= THE PROBLEM =
When you transcribe the entries below, begin at their first line and stop after the line containing "青鳉鱼为什么总喜欢钻到其他鱼肚子底下 元宝凤凰鱼"; pictures stay out.

Web page caption snippets:
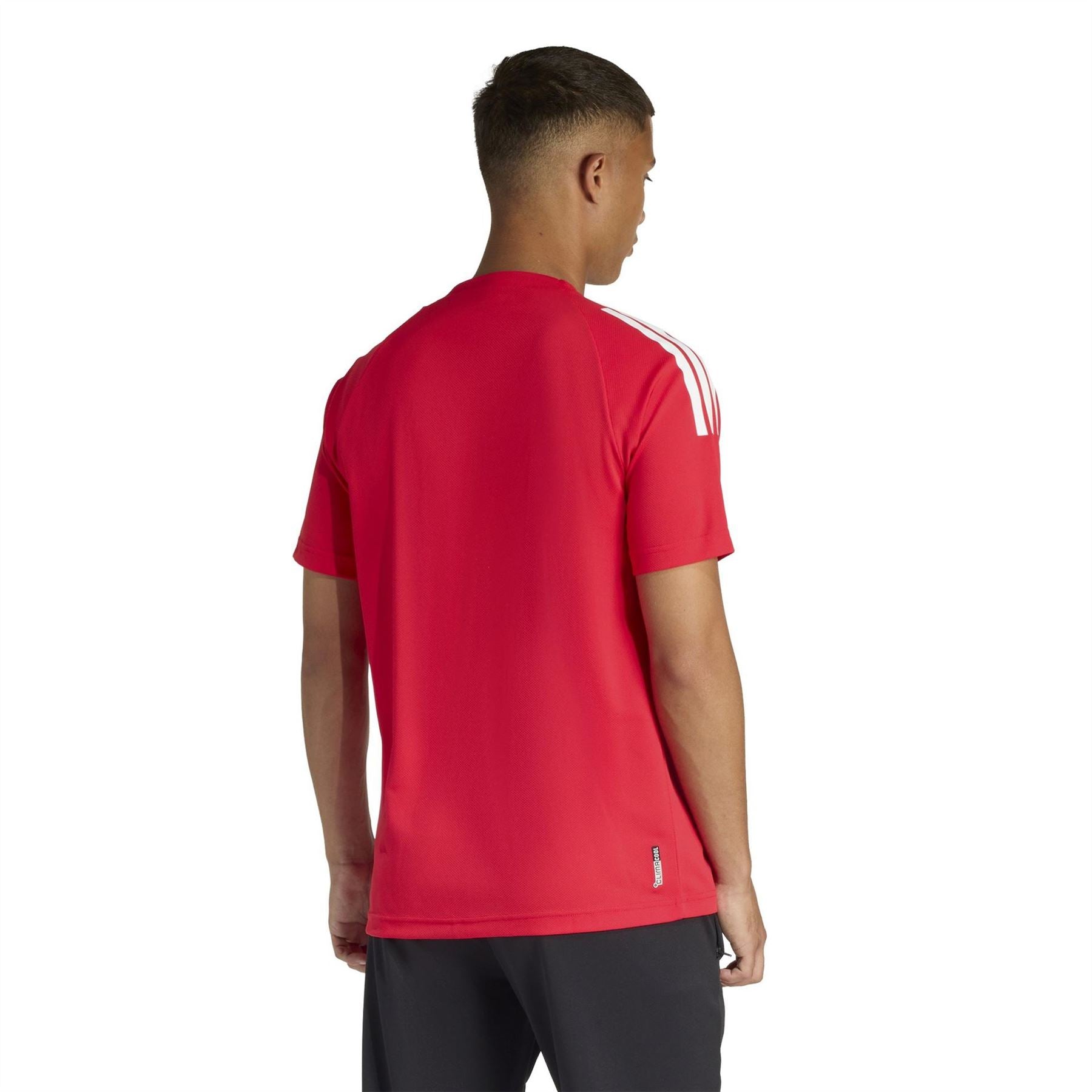 adidas Mens Classic 3 Stripe Sereno T-Shirt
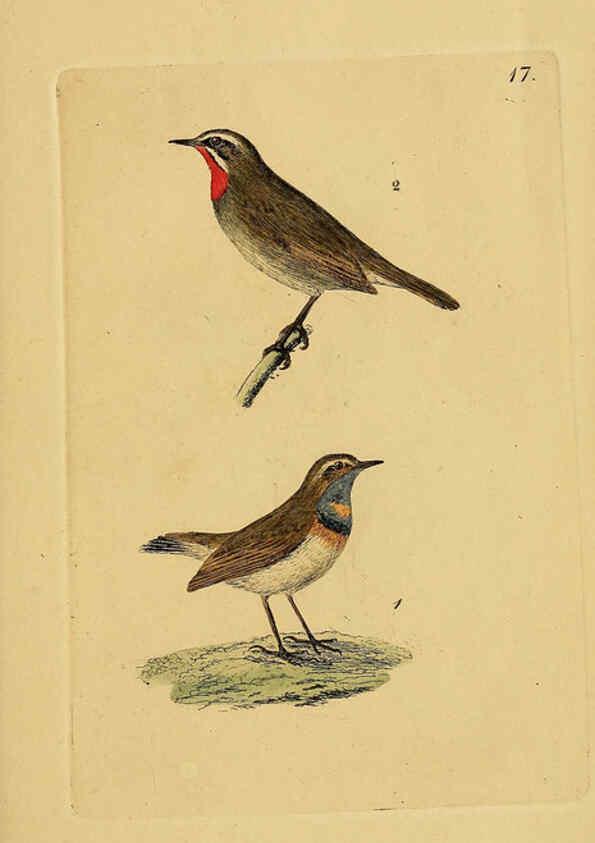 Reproducción/Reproduction 6069771656: Kupfertafeln zur Naturgeschichte der Vögel Frankfurt am Main :Johann David Sauerländer,1832-1833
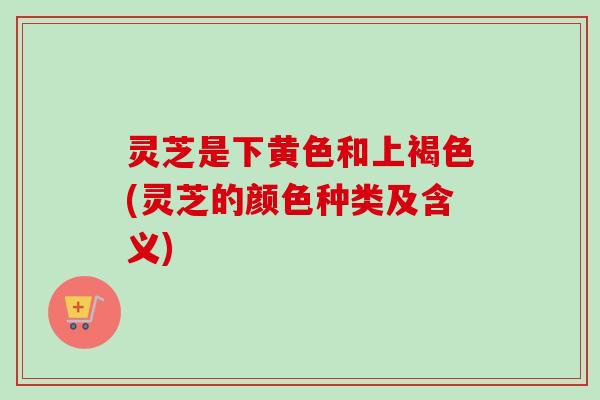 灵芝是下黄色和上褐色(灵芝的颜色种类及含义)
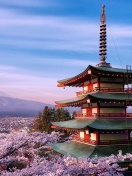 Das Chureito Pagoda near Mount Fuji Wallpaper 132x176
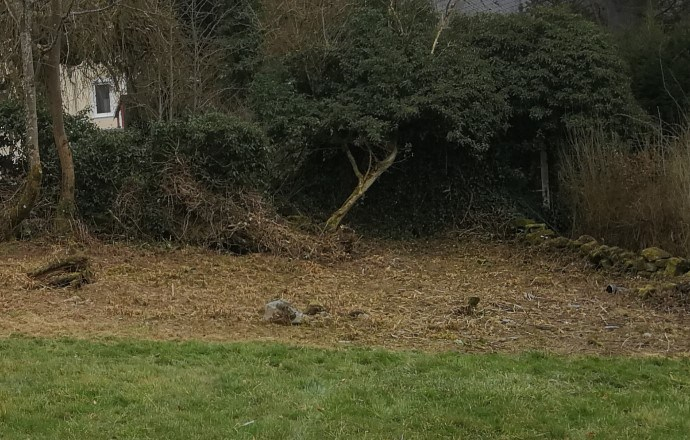 Wildwuchs ist entfernt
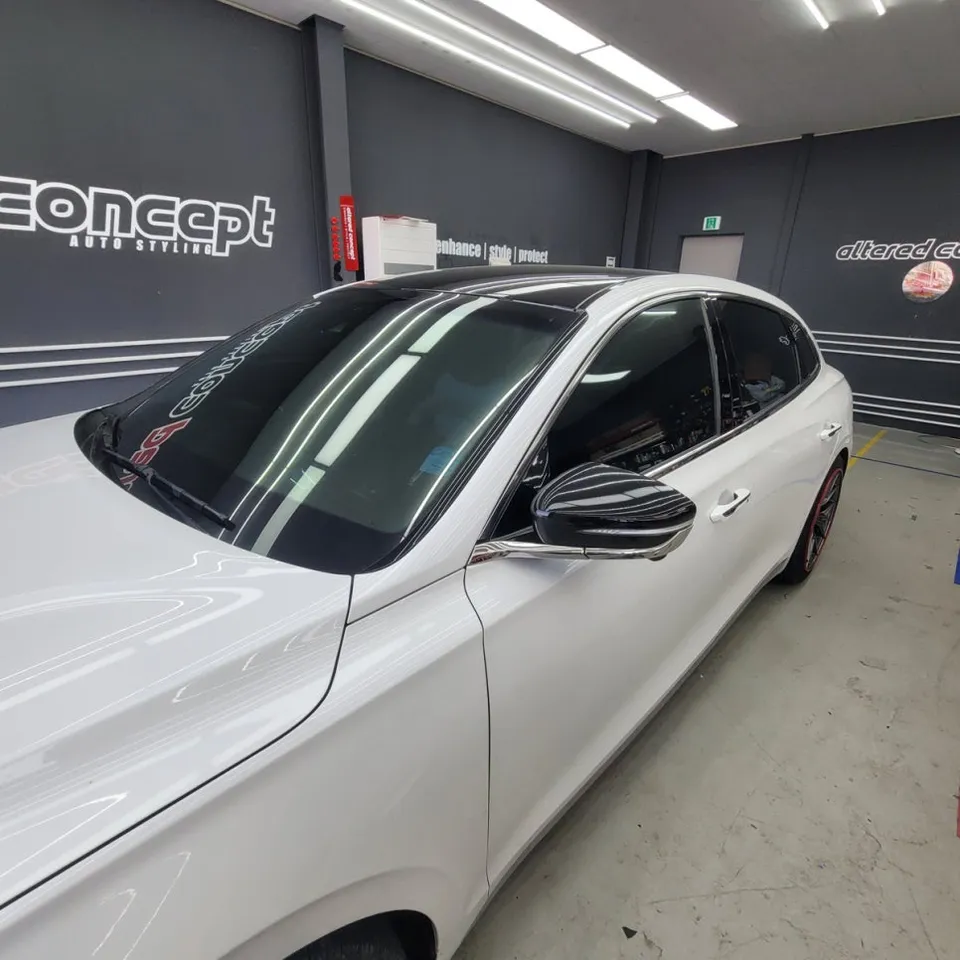 Hyundai Grandeur IGのカーラッピング事例|サイドミラー 写真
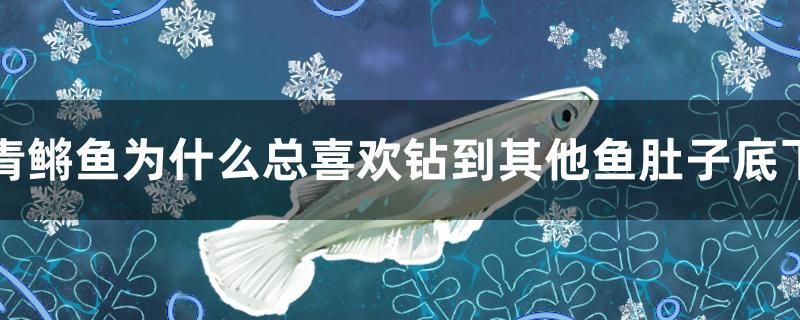 青鳉鱼为什么总喜欢钻到其他鱼肚子底下 元宝凤凰鱼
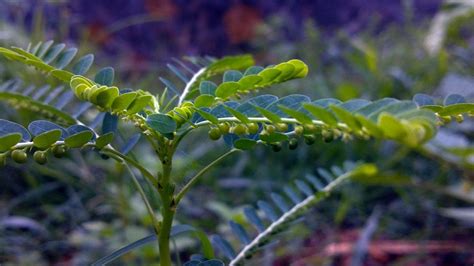5 Ways To Find A Trusted Phyllanthus Source How To Find The Right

= OUTPUT FOR THIS TASK =
 adidas Mens Classic 3 Stripe Sereno T-Shirt
 Reproducción/Reproduction 6069771656: Kupfertafeln zur Naturgeschichte der Vögel Frankfurt am Main :Johann David Sauerländer,1832-1833
 灵芝是下黄色和上褐色(灵芝的颜色种类及含义)
 Das Chureito Pagoda near Mount Fuji Wallpaper 132x176
 Wildwuchs ist entfernt
 Hyundai Grandeur IGのカーラッピング事例|サイドミラー 写真
 青鳉鱼为什么总喜欢钻到其他鱼肚子底下 元宝凤凰鱼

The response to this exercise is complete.